Backscatter communication (BC) becomes a promising energy-efficient solution for future wireless sensor networks (WSNs). Unmanned aerial vehicles (UAVs) enable flexible data collection from remote backscatter devices (BDs), yet conventional UAVs rely on omni-directional fixed-position antennas (FPAs), limiting channel gain and prolonging data collection time. To address this issue, we consider equipping a UAV with a directional movable antenna (MA) with high directivity and flexibility. The MA enhances channel gain by precisely aiming its main lobe at each BD, focusing transmission power for efficient communication. Our goal is to minimize the total data collection time by jointly optimizing the UAV's trajectory and the MA's orientation. We develop a deep reinforcement learning (DRL)-based strategy using the azimuth angle and distance between the UAV and each BD to simplify the agent's observation space. To ensure stability during training, we adopt Soft Actor-Critic (SAC) algorithm that balances exploration with reward maximization for efficient and reliable learning. Simulation results demonstrate that our proposed MA-equipped UAV with SAC outperforms both FPA-equipped UAVs and other RL methods, achieving significant reductions in both data collection time and energy consumption.

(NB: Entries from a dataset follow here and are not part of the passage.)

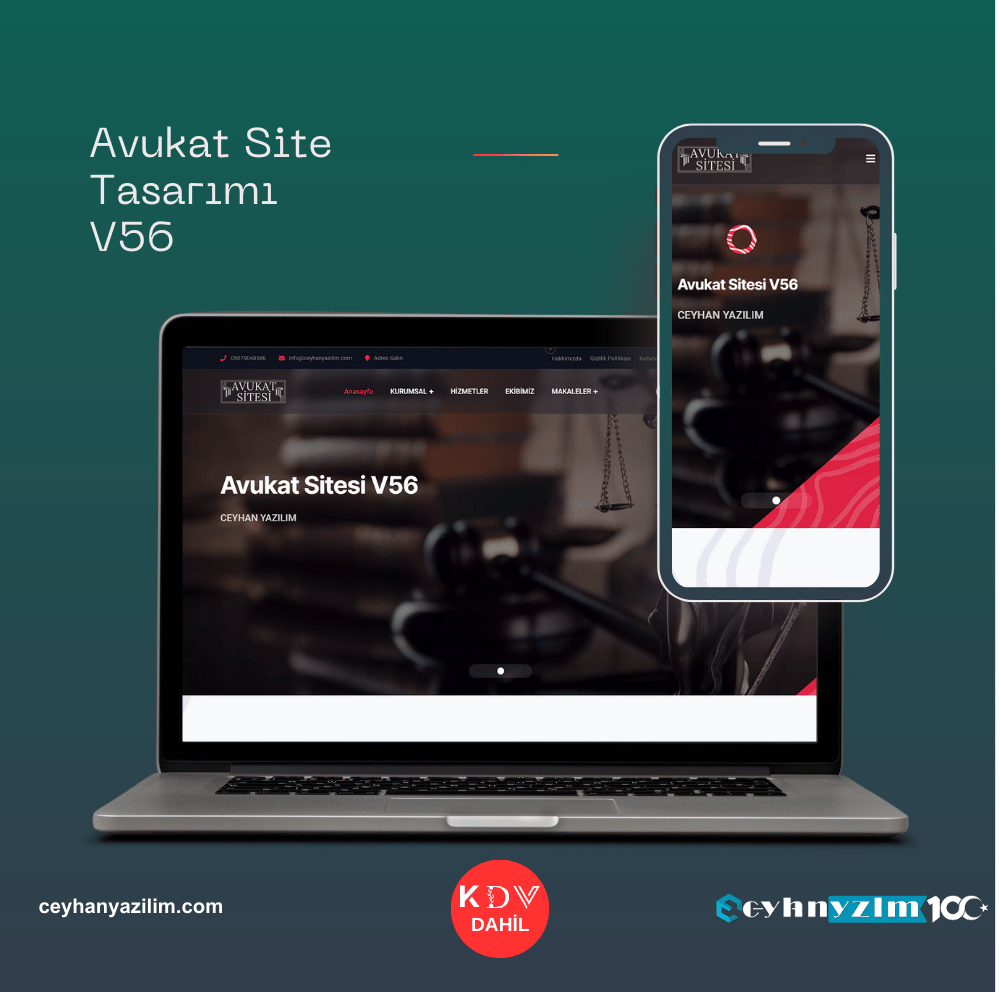 Avukat Site Tasarımı V56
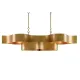 Grand Gold Oval Chandelier #1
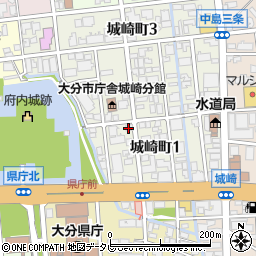チクシ電気株式会社　大分営業所周辺の地図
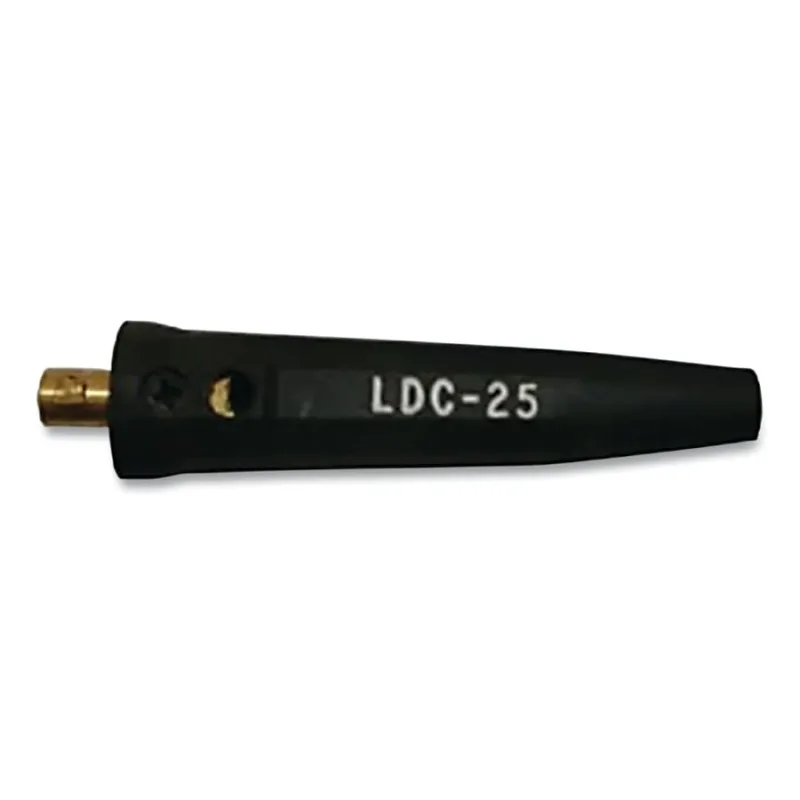 International DINSE Type Cable Connector, Male Connection, 8 thru 4, Single Oval thru Point, 150 Amp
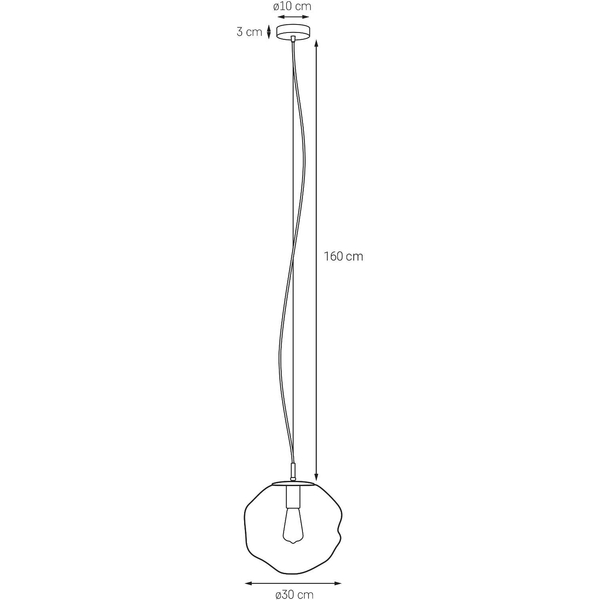 LAMPA wisząca AVIA M 10422108 Kaspa szklana OPRAWA zwis grafitowy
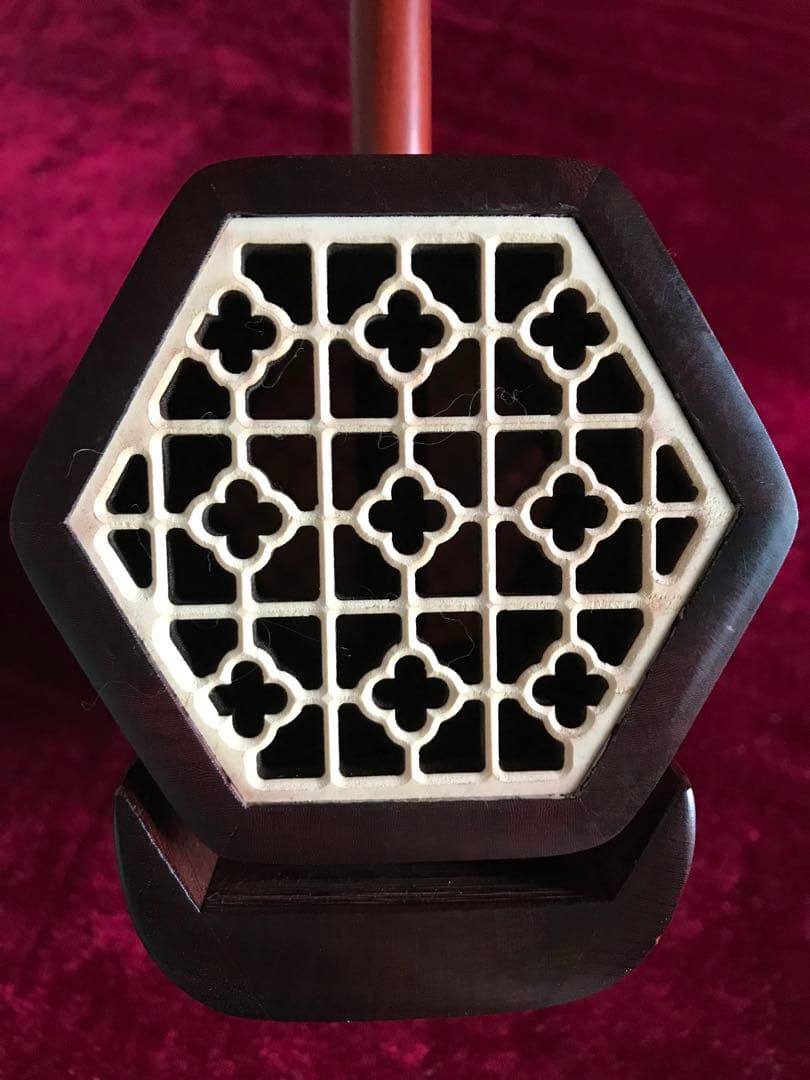 二胡★最上級紫檀★錦蛇皮★古月琴坊・万其興製作★十年保証★一生の宝物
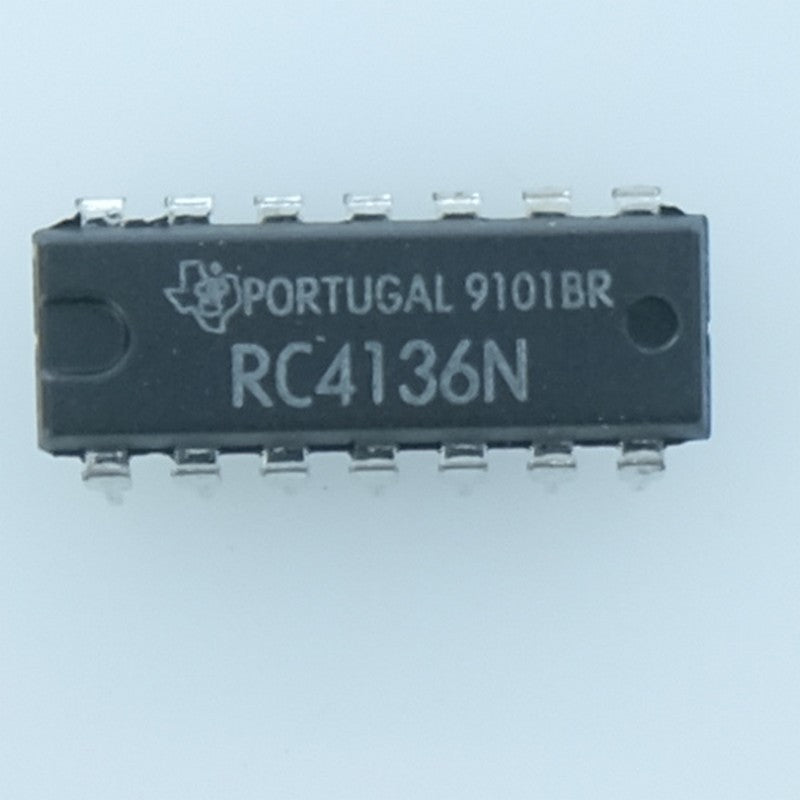 RC4136N Amplificateur opérationnel quadruple 3MHz DIP-14 Texas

翻译：反向散射通信（BC）已成为未来无线传感器网络（WSNs）中一种极具前景的能效解决方案。无人机（UAVs）能够灵活地从远程反向散射设备（BDs）收集数据，但传统无人机依赖全向固定位置天线（FPAs），这限制了信道增益并延长了数据收集时间。为解决此问题，我们考虑为无人机配备具有高方向性和灵活性的定向可移动天线（MA）。该天线通过将其主瓣精确对准每个BD来增强信道增益，集中发射功率以实现高效通信。我们的目标是通过联合优化无人机的轨迹和天线的朝向，最小化总数据收集时间。我们开发了一种基于深度强化学习（DRL）的策略，利用无人机与每个BD之间的方位角和距离来简化智能体的观测空间。为确保训练稳定性，我们采用Soft Actor-Critic（SAC）算法，该算法在探索与奖励最大化之间取得平衡，以实现高效可靠的学习。仿真结果表明，我们提出的搭载SAC的MA无人机方案优于配备FPA的无人机及其他RL方法，在数据收集时间和能耗方面均实现了显著降低。